Huffman 2: files, frequencies
Learning goals
You should learn how to:
- Open, read, and close files.
- Pass/return statically declared arrays to/from functions.
- Use fixed-size integer types.
- Implement a step toward the Huffman coding algorithms
Overview
In this exercise, you will create another part of the Huffman coding (data compression) code that you are developing. For this part, you will create a function that reads a file and calculates the frequencies of every character in the file.
Read the explanation of huffman coding. You will not need to understand the whole process to complete this homework, but it will help you understand how this homework and the last one fit into the larger algorithm.
Getting Started
Get the starter file (frequencies.h). There isn't much in the file.

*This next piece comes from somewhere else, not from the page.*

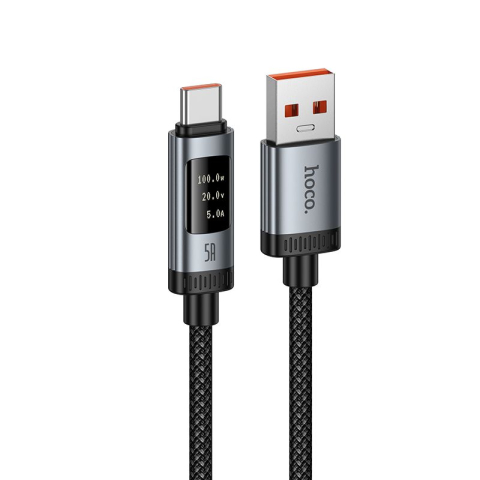 Cabluri - Cablu USB-A la USB-C HOCO U148 PD 100W cu Afisaj Digital, 1.2m, Negru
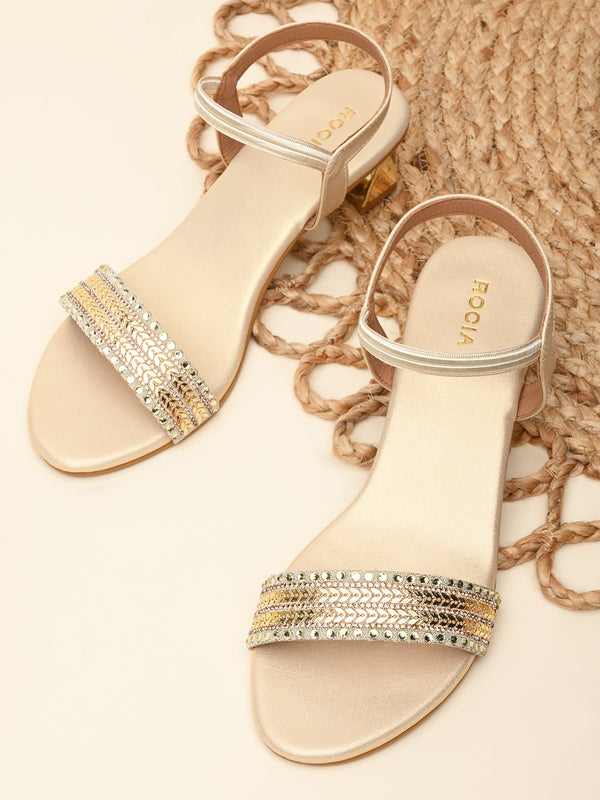 Rocia By Regal Gold Women Hand Embroidered Strap Fancy Sandals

You will be filling in the rest.
Add two type aliases to the header file (frequencies.h).
typedef unsigned char uchar; typedef uint64_t Frequencies[256];
Although we could have put these in the header file for you, we wanted you to type them out to make sure you give them some thought.
In general, the format for typedef
is:
typedef
something that looks like a variable declaration
The name of the variable in that
something that looks like a variable declaration
becomes a new type that you can use
to declare new variables or parameters.
typedef unsigned char uchar
makes a type called uchar
that is an unsigned char. It just saves you from having to type unsigned char
a lot.
typedef uint64_t Frequencies
makes a type called Frequencies
that is an array of 256 integers. Each integer is of type uint64_t
which is a fixed-size integer type. Unlike int
and unsigned int
, which can vary in size between platforms, uint64_t
is guaranteed to be 64 bits (8 bytes) on any platform where it is used. Using uint64_t
requires #include <stdint.h>
so be sure to put that at the top of your frequencies.h. When you use the Frequencies
type, it is the same as an array of uint64_t[256]
. It saves you a bit of typing. More importantly, it expresses exactly what you are using the data for.
You have been using typedef
for the past few weeks in linked lists and BSTs. Hopefully, none of this will be too surprising.
Now, for the main part of this homework, you will be writing a single function: calc_frequencies(…)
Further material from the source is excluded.